2017/07/31

お尻コレクション、マンティコア、飴屋


メトロポリタン美術館、閉館後は観光客が難民のように群がり、大道芸人がエンターテイメントにやってくる。


 メトロポリタンの美しいお尻たち。悲劇の家族のお尻。


くまの家族のお尻。アメリカ館のカフェテリアのところ。
2日連続で、このお尻を眺めながら休憩した。


でもやっぱりナンバーワン美しいお尻はペルセウス。


カレーの市民たち。


大きな手が迫力です。

18世紀のオーストリア製「マンティコアの像」。

ビートたけしに似ておる!

マンティコアってなんだ?とGoogle先生に聞いてみると、

(以下ウィキペディア)

その姿は、体の色は赤く、尾はサソリのそれに似た形状で、そこに毒針があり(毒が無い代わりに矢のように飛び散る24本の棘と数がはっきりしているものや、太い1本というものもある)、それで相手を刺したり相手に槍のように投げつける。3列に並ぶ鋭い牙を持つが、顔と耳は人間に似ている。大きさはライオンぐらいである。走るのが非常に速く、人間を好んで食べる。

…だそうです。ふーん。しかしこのロココのマンティコアは、あまり凶暴そうではないね。



干支の人たち。

そうそう、秦の始皇帝陵で出土した武士たちも来ていました。
展示を見ていると、中国人のおば様から中国語で何か尋ねられ…わかりませんでした。

中国古代の鏡。

美術館は連続2時間が限度かもしれない。それを超過すると、なにかもうどこかがパンパンになって非常に疲れる。

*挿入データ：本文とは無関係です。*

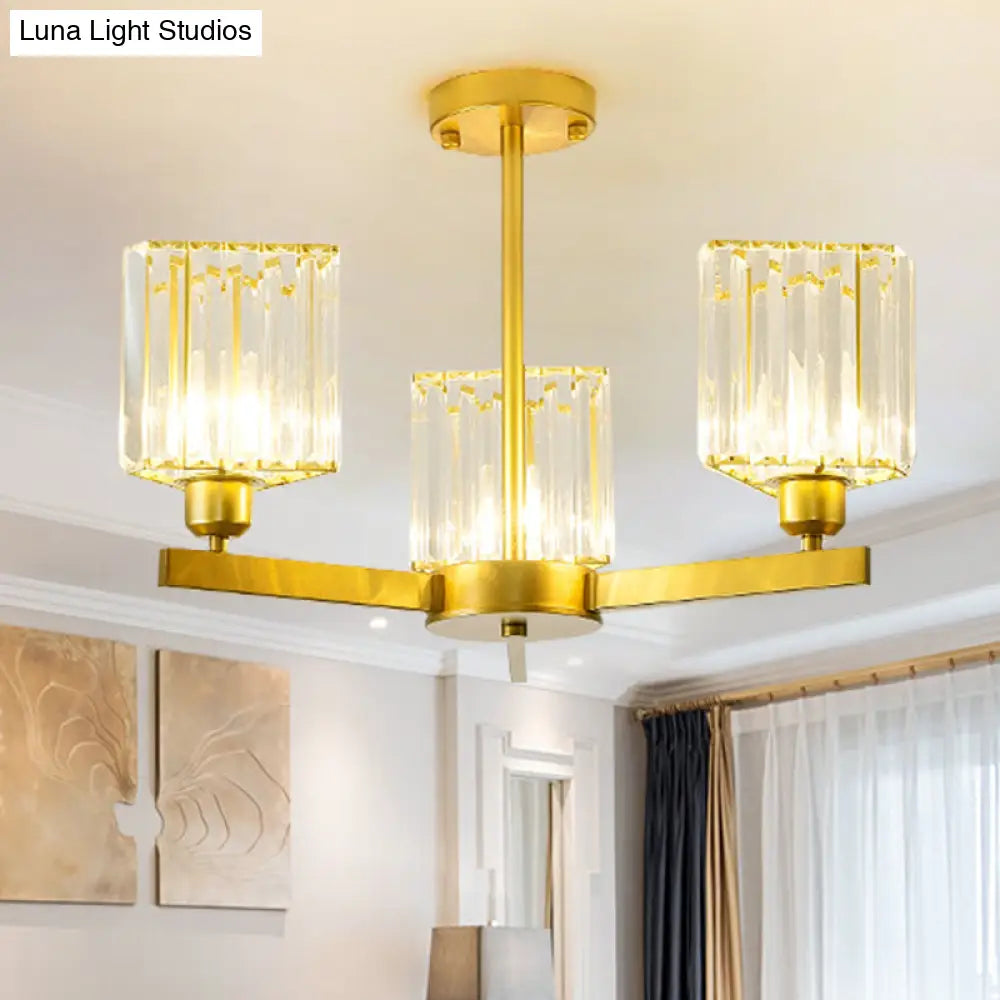 DecorBites™ DecorBites™ Gold Crystal Semi-Flush Mount with 3/6/8 Lights for Contemporary Living Room Lighting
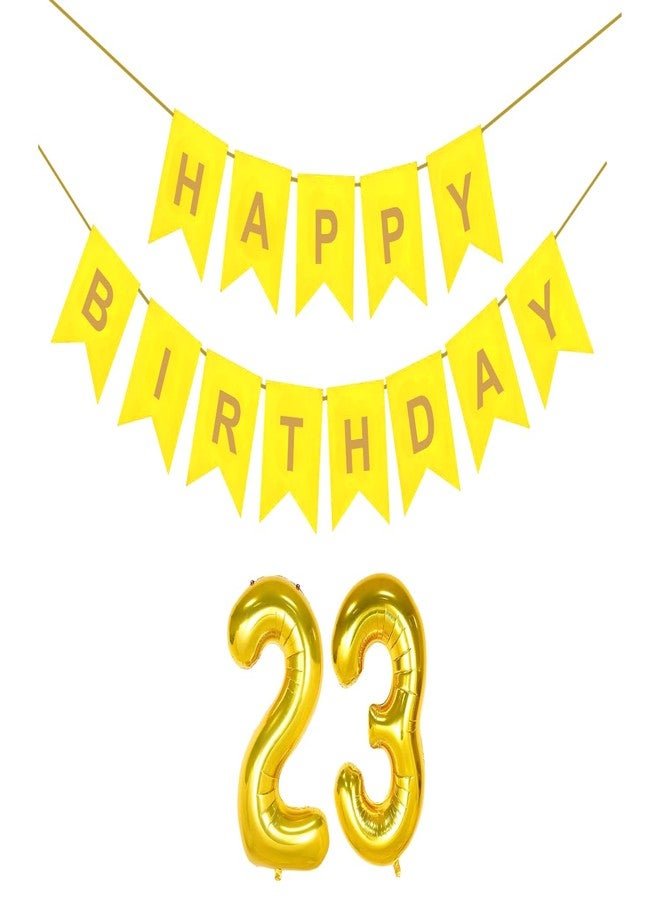 Flyloons 23rd Yellow Colour Happy Birthday Banner Decoration Kit for 23 year Old Boys Girls Men Women | with Number Twenty-three | 13 Pcs Reusable Cardstock Happy Birthday Paper Banner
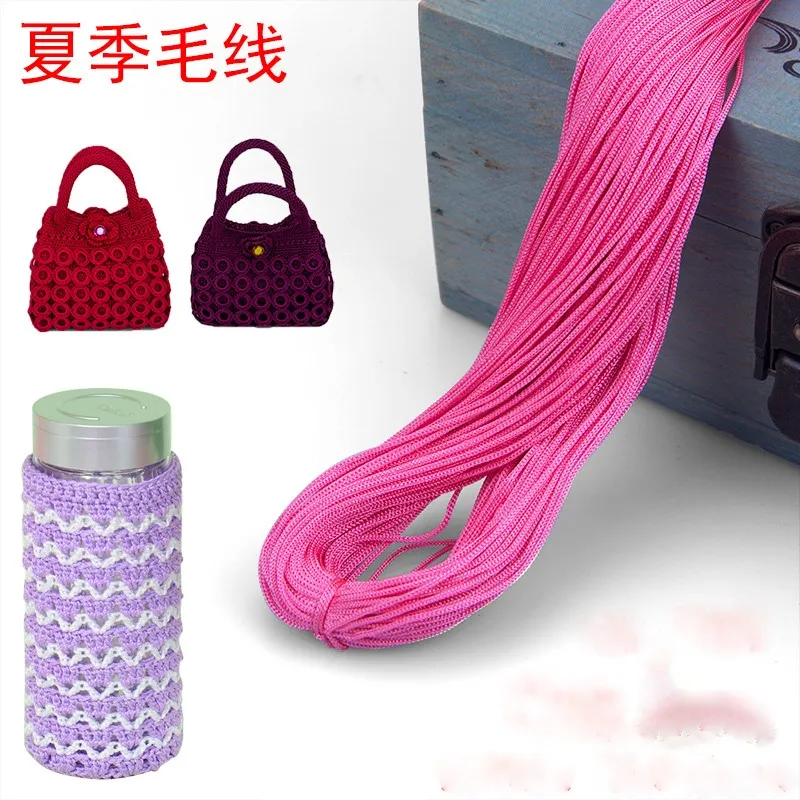 

Dia.1mm 600g/lot Women bag knitting yarn Hollow Line Chinese Knot Clasps Line Nylon Yarn Knit Nylon Cord Thread Package Line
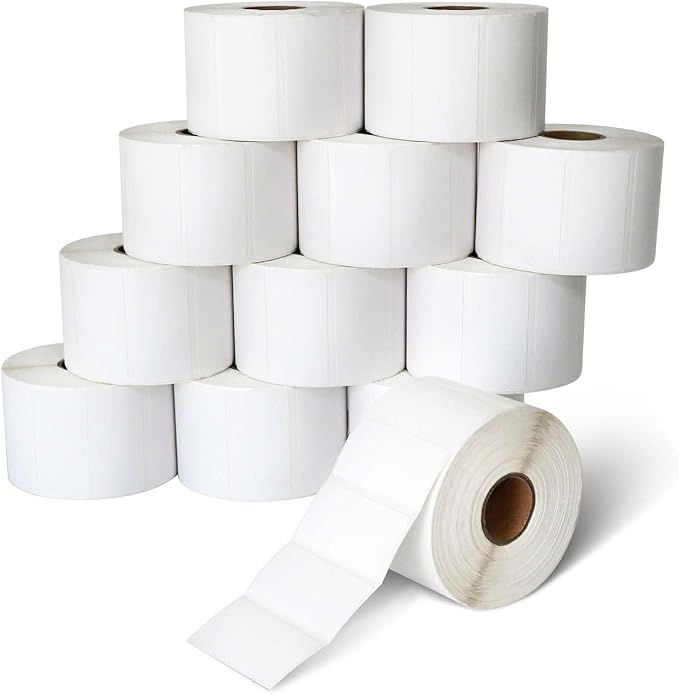 ESSENTIAL 2"x 1" Direct Thermal Barcode Labe, Shipping Labels, Compatible with Zebra & Rollo Label Printer, 1300 Per Roll (12 Rolls)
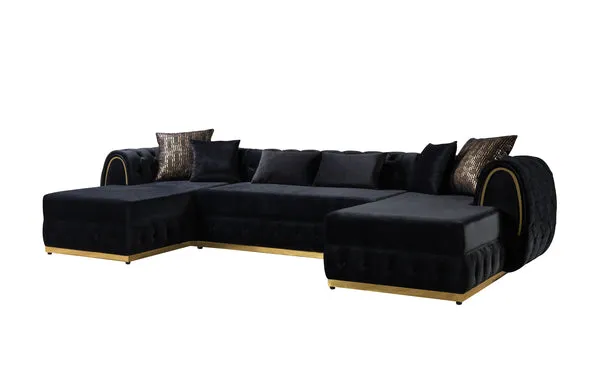 Jessie Velvet Double Chaise Sectional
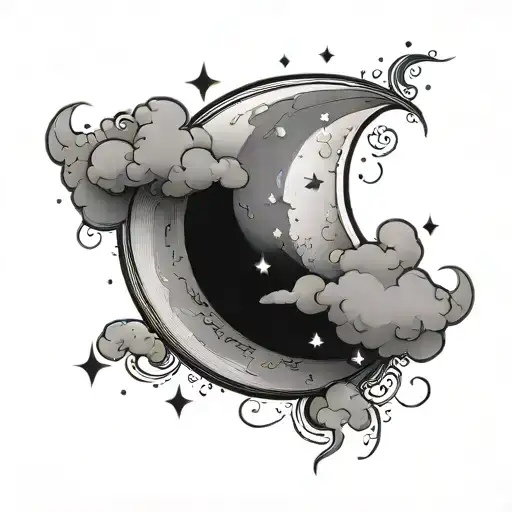 moon with stars and clouds floating tattoo design idea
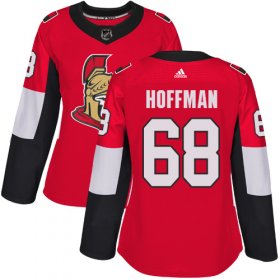 Wholesale Cheap Adidas Senators #68 Mike Hoffman Red Home Authentic Women\'s Stitched NHL Jersey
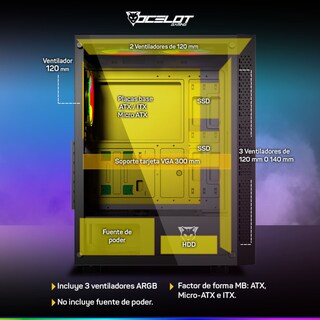 Foto 5 | Gabinete Ocelot Gaming Portal-m4, Atx, Cristal Templado, Incluye 3 Ventiladores, Sin Fuente, Negro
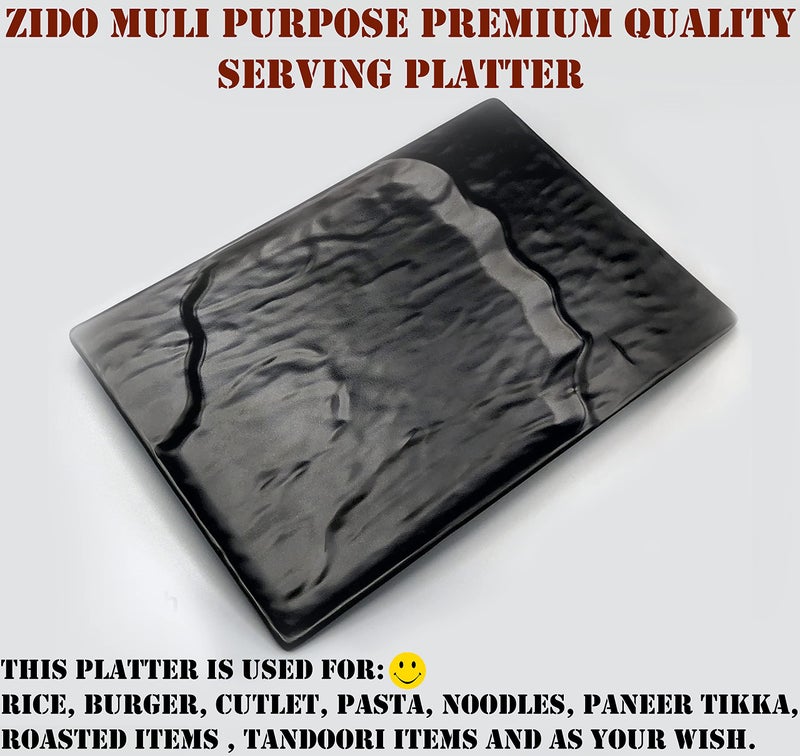 ZIDO (Pack of 1 Exclusive Classical Design Serving Platter for All Type of Snacks Like Burger, Cutlet, Pakora, Momos, French Fries and All Tandoori Items. - Image 3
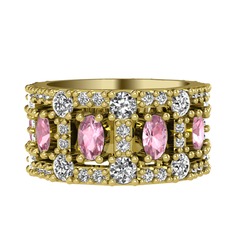 Zelie Tamtur Yüzük - Pembe kuvars, beyaz zirkon ve pırlanta 925 ayar altın kaplama gümüş yüzük (0.66 karat) #1vjyp8f
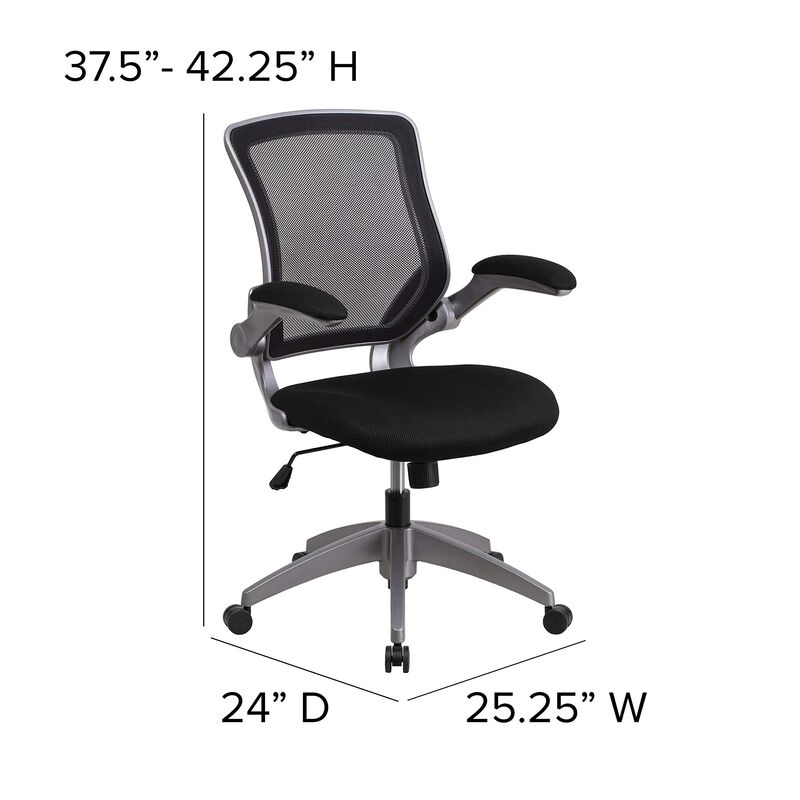 Flash Furniture Kale Mid-Back Black Mesh Swivel Ergonomic Task Office Chair with Gray Frame and Flip-Up Arms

1日半で、いちおう隅から隅まで歩いたものの、エジプトの部屋とかギリシャの部屋とかは文字通り通過しただけ。
モダンアートもアメリカ棟も、さーっと見るくらいの時間しかなかった。


これも有名な、1851年に描かれたロマンチックな絵『デラウェア川を渡るワシントン』。独立戦争の時のジョージ・ワシントンを描いてるやつです。

すんごい巨大な絵だった。今回のニューヨーク旅行では、19世紀のニューヨークの帝国趣味をじっくりとっくり拝見した感じでした。



そしてこちらは1893年にロバート・ブラムさんという画家が描いた『飴屋』。
1890年(明治23年)から1年半日本に滞在したという。



この時代のリアルタイムの記録をカラーで見ることってないので、これはちょっと新鮮で衝撃的でした。
飴細工やさん、わたしは実際見た記憶はないんだけど、うちの母が子どもの頃にはよくお祭りなんかに来てたそうです。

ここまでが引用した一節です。